Ce fascicule est la deuxième publication d’une collection intitulée « Savoirs résistants » qui poursuit l’ambition suivante : proposer quelques pistes de réflexion, outils et références afin d’alimenter nos luttes pour une société plus égalitaire.


Définitions préliminaires

Qu’est-ce que la novlangue ? Ce concept a été créé par George Orwell dans son roman 1984. Il consiste en une simplification lexicale et syntaxique de la langue, destinée à rendre impossible l’expression des idées subversives et éviter ainsi toute formulation critique envers l’État. Ce concept est passé dans l’usage courant pour désigner un langage destiné à dénaturer la réalité.

Qu’est-ce que la novlangue managériale ? Il s’agit d’un discours qui vise à soutenir l’organisation néolibérale du travail. Cette rhétorique, en adoucissant ou masquant les rapports de domination dans l’entreprise, a pour objectif d’empêcher la critique du système.

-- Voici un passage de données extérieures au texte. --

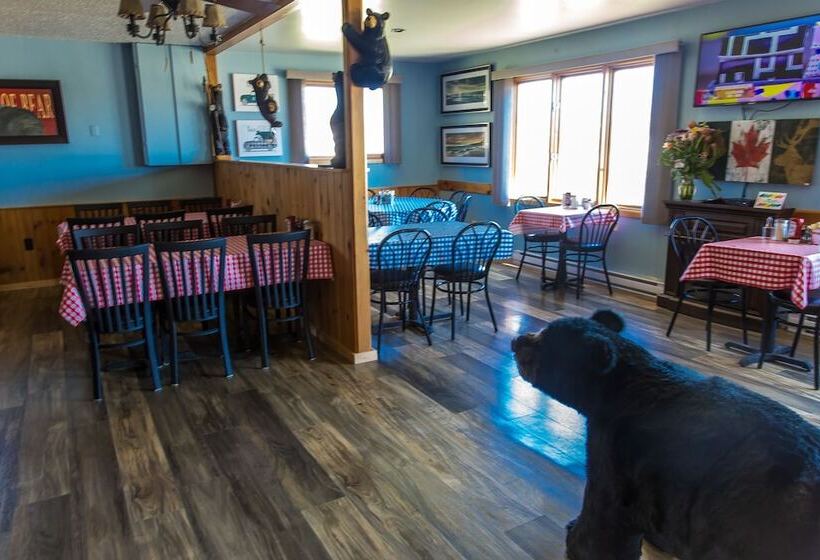 ホテル Bear Tracks Inn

Elle a une visée performative dans le sens où elle oriente la pensée et les façons d’agir. Ce langage managérial domestique ainsi les esprits à partir d’un système de référence (des mots, des expressions, des tournures de phrase, etc.) qui colonise les imaginaires, pour imposer et faire adhérer les travailleur·euse·s à une vision néolibérale du monde du travail et, par extension, de la société. La célèbre expression de Margaret Tatcher « There is no alternative » (TINA) illustre bien ce rétrécissement des possibles.

Mais comment procède cette rhétorique ? À l’aide des exercices suivants, découvrez les modes opératoires de la novlangue managériale…

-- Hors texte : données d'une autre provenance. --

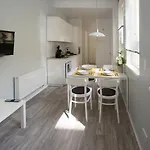 Zentral Gelegene, Helle Studio Apartments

Exercice 01 : Es-tu contaminé·e par la novlangue managériale ? Cet exercice permet de montrer la manière dont agit la novlangue managériale sur notre cerveau et notre imaginaire. En invisibilisant, par le langage, les réalités désagréables qu’engendre le néolibéralisme, il s’agit de les rendre acceptables auprès de l’opinion. L’exercice est disponible dans le cahier pédagogique.

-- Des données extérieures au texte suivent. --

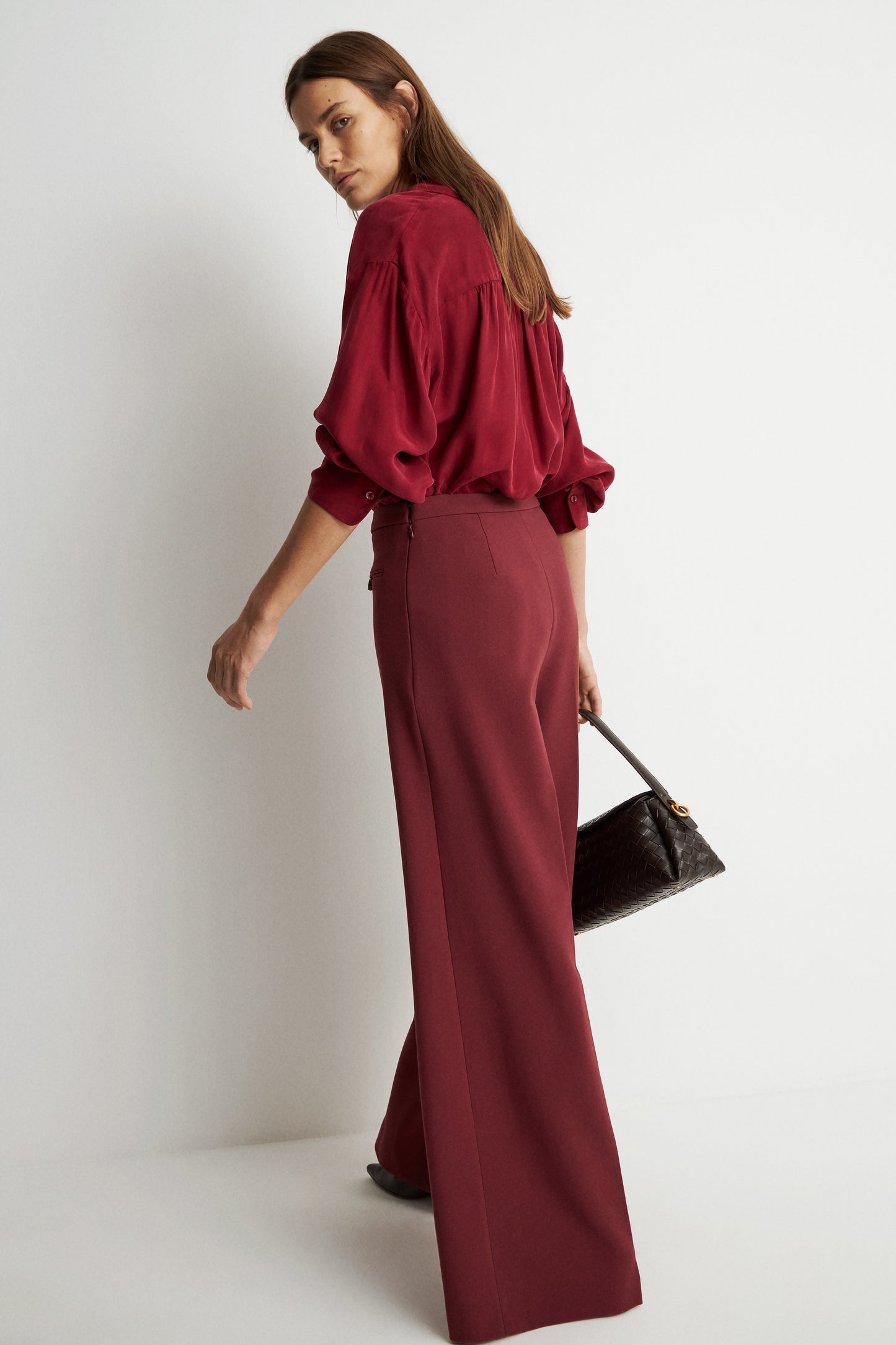 DARK RED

MODE OPÉRATOIRE : L’OBLITÉRATION DE SENS

Partant du principe que le langage structure la pensée, cet exercice montre qu’il suffit d’éliminer les mots jugés subversifs pour éliminer le concept associé à ce mot. Les termes gênants ou critiques vis-à-vis de l’organisation néolibérale disparaissent alors pour faire place à un vocabulaire plus complaisant à l’égard du système. Il s’agit donc d’empêcher de penser selon certains termes.

Ainsi remplacer salarié·e par collaborateur·trice permet d’oblitérer la hiérarchisation des positions dans l’organisation ainsi que le lien de subordination existant entre travailleur.euse et employeur.euse (en effet, l’un·e exécute un travail sous l’autorité de l’autre, qui a le pouvoir de donner des ordres et des directives, ainsi que d’en contrôler l’exécution). Utiliser le terme « collaborateur·trice » permet donc de gommer les intérêts contradictoires (et potentiellement conflictuels) qui apparaissent en fonction de votre place dans la pyramide hiérarchique.

Remplacer cotisation sociale par charges sociales permet d’oblitérer le principe de solidarité propre à la cotisation : à savoir un salaire social différé qui sert à tout le monde en cas de maladie, d’accident de travail, de licenciement, etc. Une charge c’est lourd, pesant, l’alléger est donc toujours considéré comme un soulagement.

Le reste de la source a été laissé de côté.